§ **WHAT TO PRODUCE**
The records that follow are to be given again exactly. Do not carry over any image.

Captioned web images
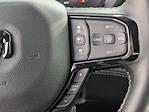 New 2026 Ram 1500 Limited Crew Cab for sale #DY044 - photo 14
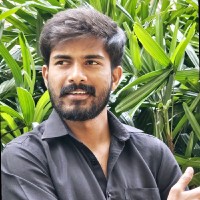 Prashanth Challa Email & Phone Number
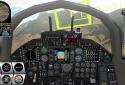 Flight Simulator 2016 HD screenshot 12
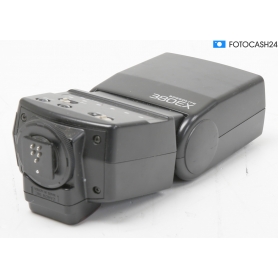 Canon Speedlite 380EX (286269)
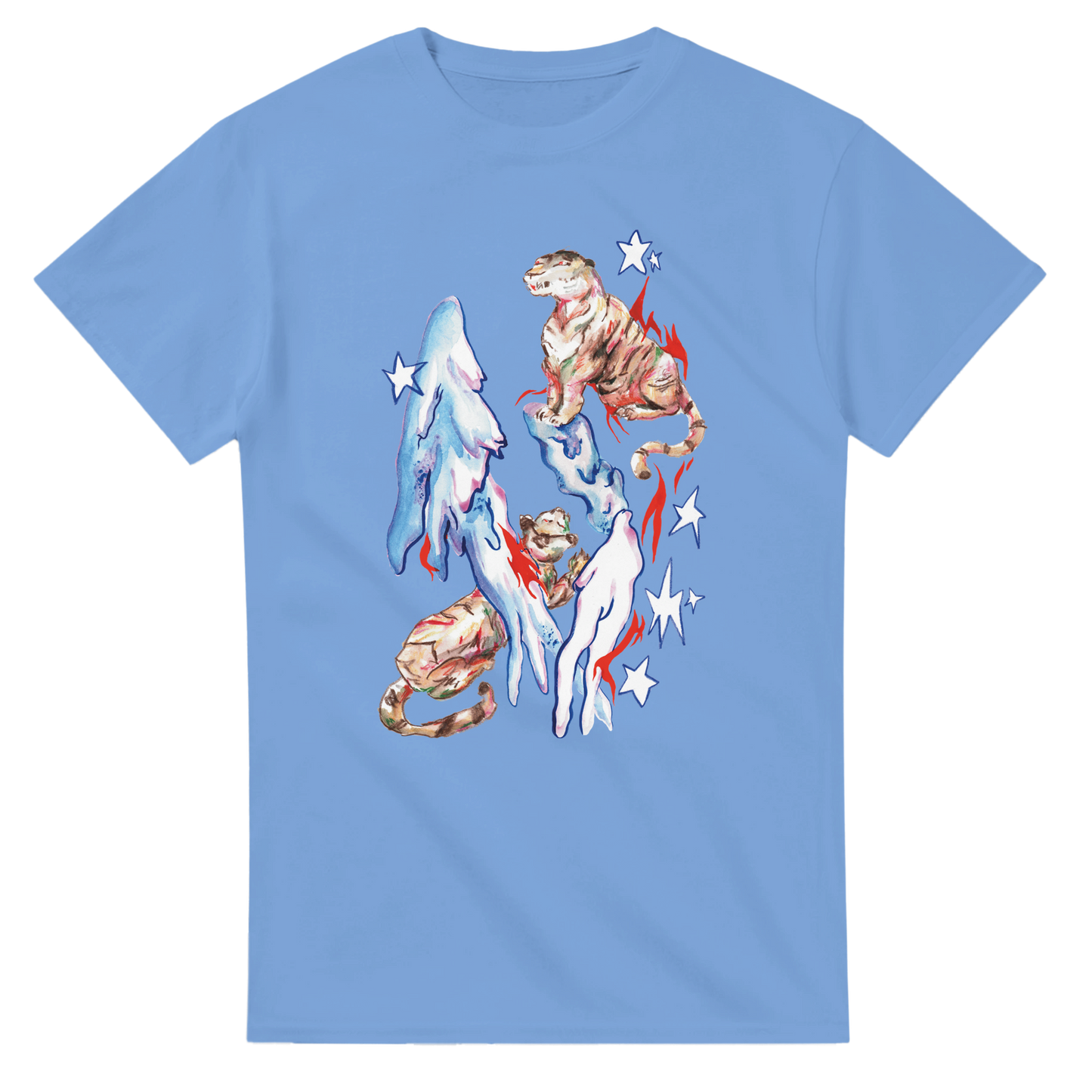 44cad60b-2549-4c4c-bd15-21064c6ab798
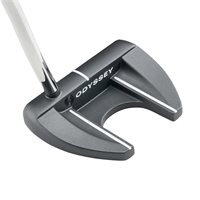 Odyssey DFX V Line Fang Canada
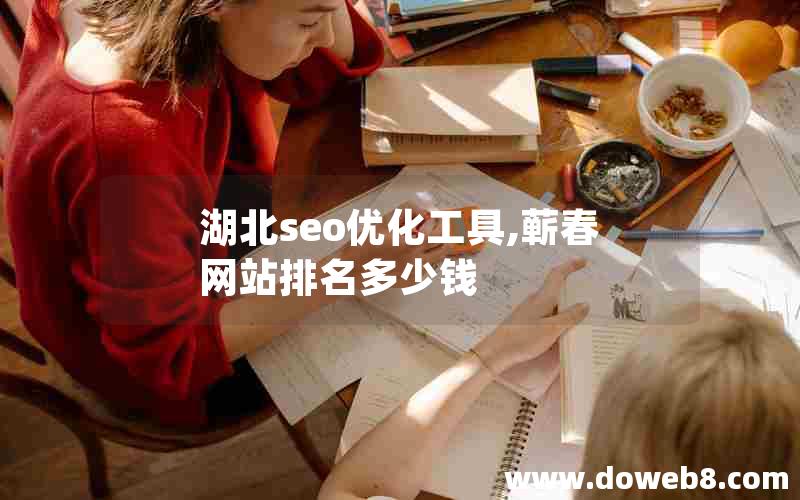 湖北seo优化工具,蕲春网站排名多少钱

§ **YOUR RESPONSE**
 New 2026 Ram 1500 Limited Crew Cab for sale #DY044 - photo 14
 Prashanth Challa Email & Phone Number
 Flight Simulator 2016 HD screenshot 12
 Canon Speedlite 380EX (286269)
 44cad60b-2549-4c4c-bd15-21064c6ab798
 Odyssey DFX V Line Fang Canada
 湖北seo优化工具,蕲春网站排名多少钱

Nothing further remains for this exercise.